-- Opening Marker --
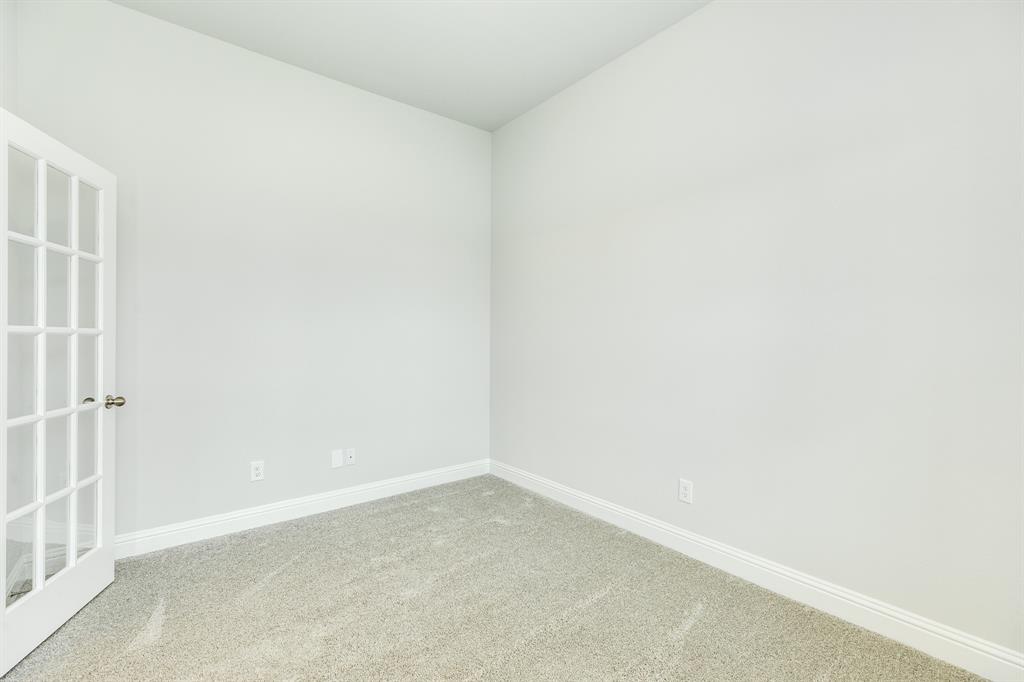 608 Greystone Lane, Angleton, Texas image 28
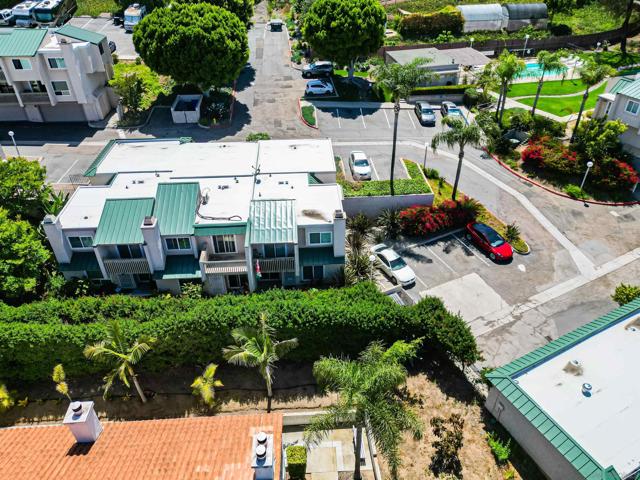 699 Ascot Dr, Vista CA: https://media.crmls.org/mediaz/65b0373b-549c-4843-9596-3d2d73c943dd.jpg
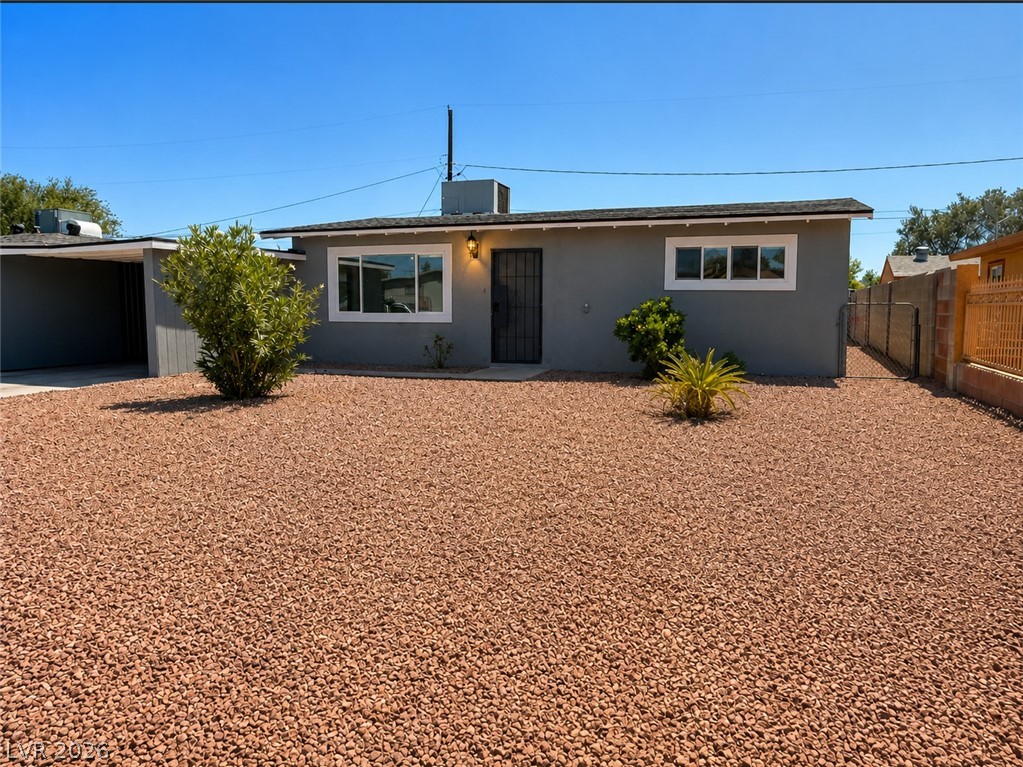 2716 Spear Street — photo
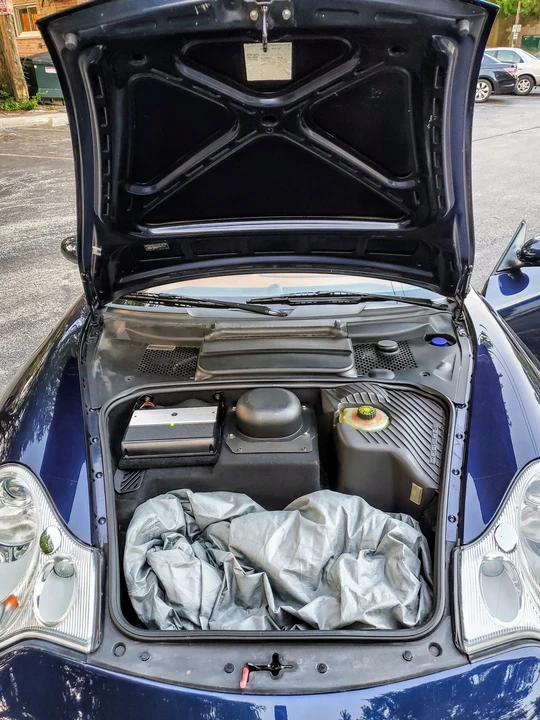 2003 Porsche 996 Carrera 4 - Image 16 of 17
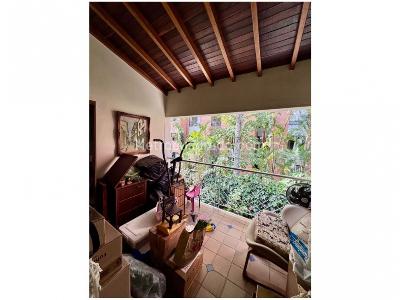 Casa de 3 alcobas en venta en El Poblado, Medellín, 274 m² · foto 13 de 20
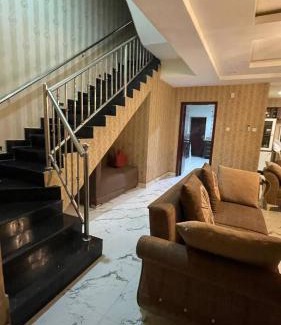 Orozo Apartamento | Zenith of Serenity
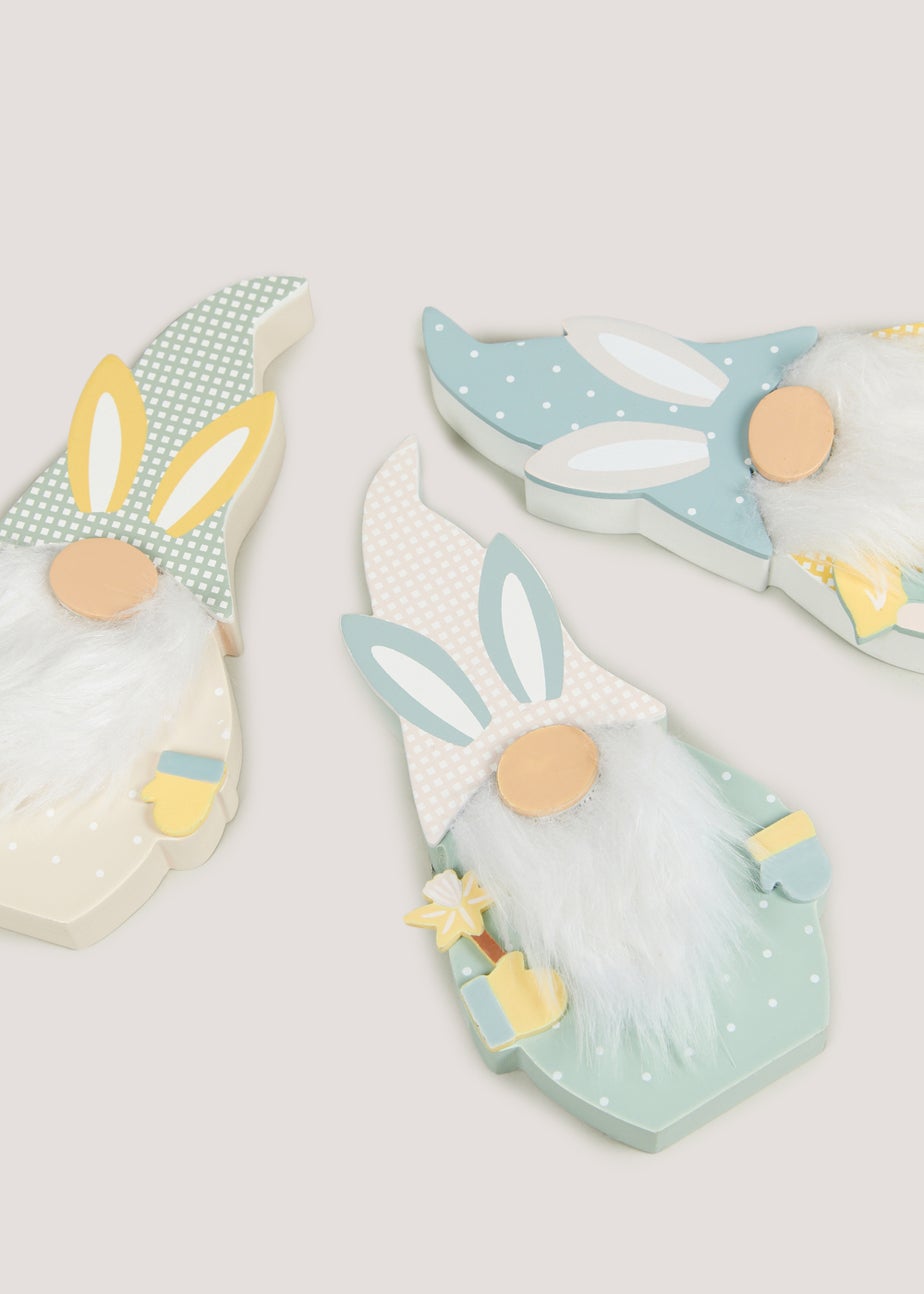 Assorted Wooden Easter Gnome (18cm x 9cm x 2cm)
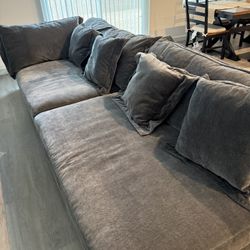 Modular Living Spaces Couch With Ottoman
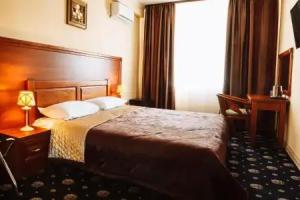 Otel'no-restorannyj kompleks Zlatogor, Lubny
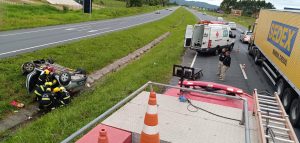 Motorista fica ferido após capotar veículo na BR-470 em Ilhota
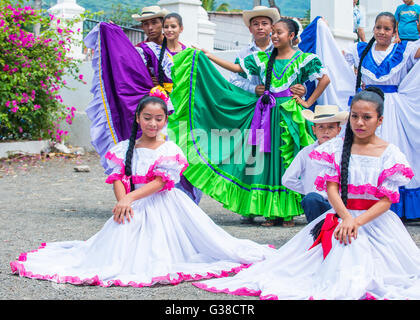 Salvadorianischen Tänzer während der Blüte & Palm-Festival in Panchimalco, El Salvador Stockfoto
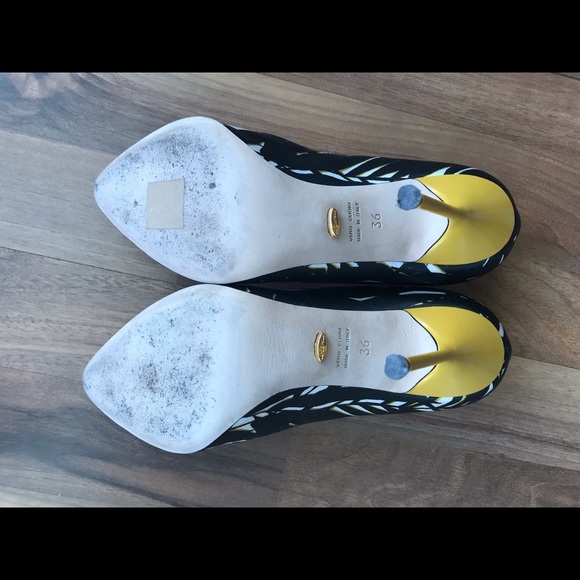 SERGIO ROSSI Godiva Pump. - Picture 6 of 8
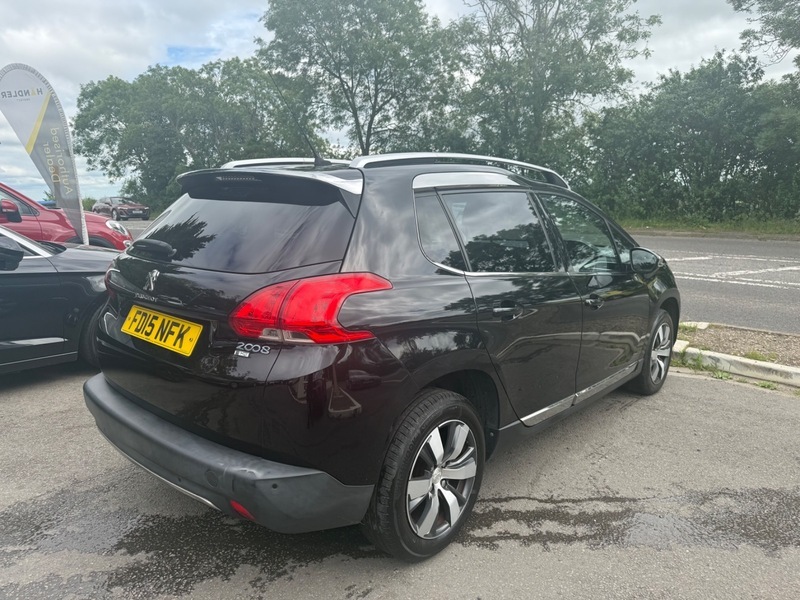Peugeot e-2008 E-hdi Allure Black #5
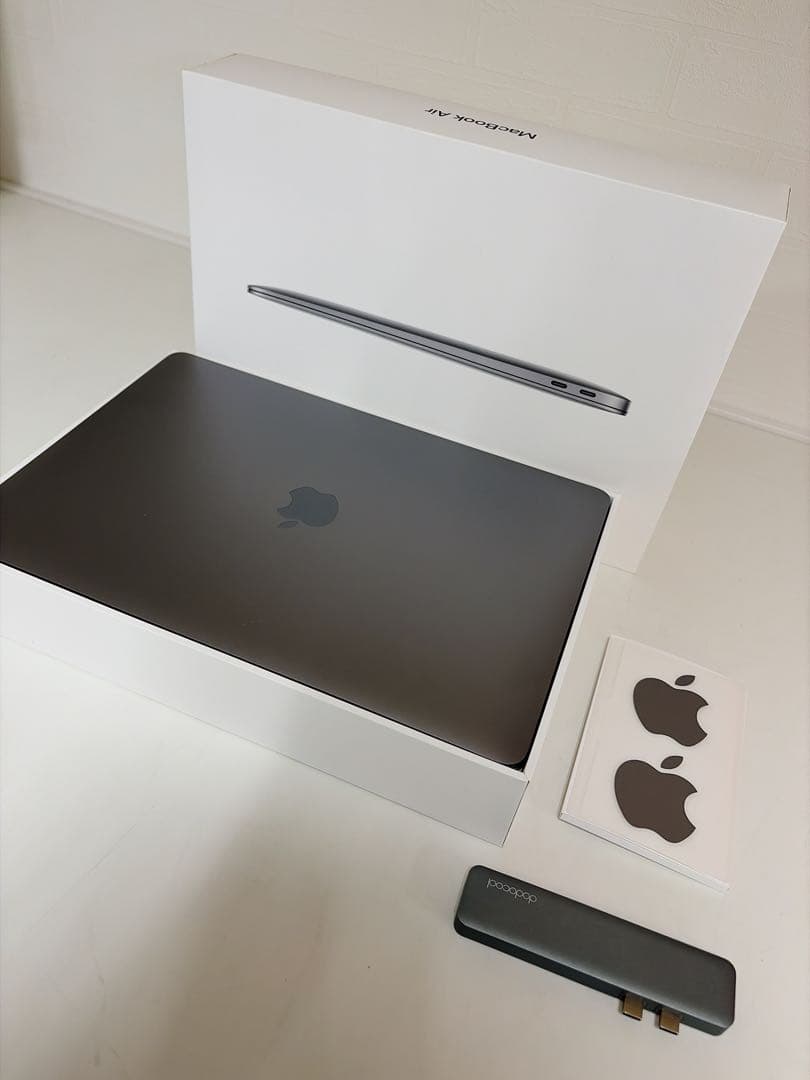 MacBook Air 2019 8GB / 128GB バッテリー充放電12回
-- Closing Marker --
Task description | Nothing but the lines from the one holding "SERGIO ROSSI Godiva Pump. - Picture 6 of 8" through the last line of the entries should be written out, exactly and inclusively, minus the pictures.

Written response |
 SERGIO ROSSI Godiva Pump. - Picture 6 of 8
Peugeot e-2008 E-hdi Allure Black #5
 MacBook Air 2019 8GB / 128GB バッテリー充放電12回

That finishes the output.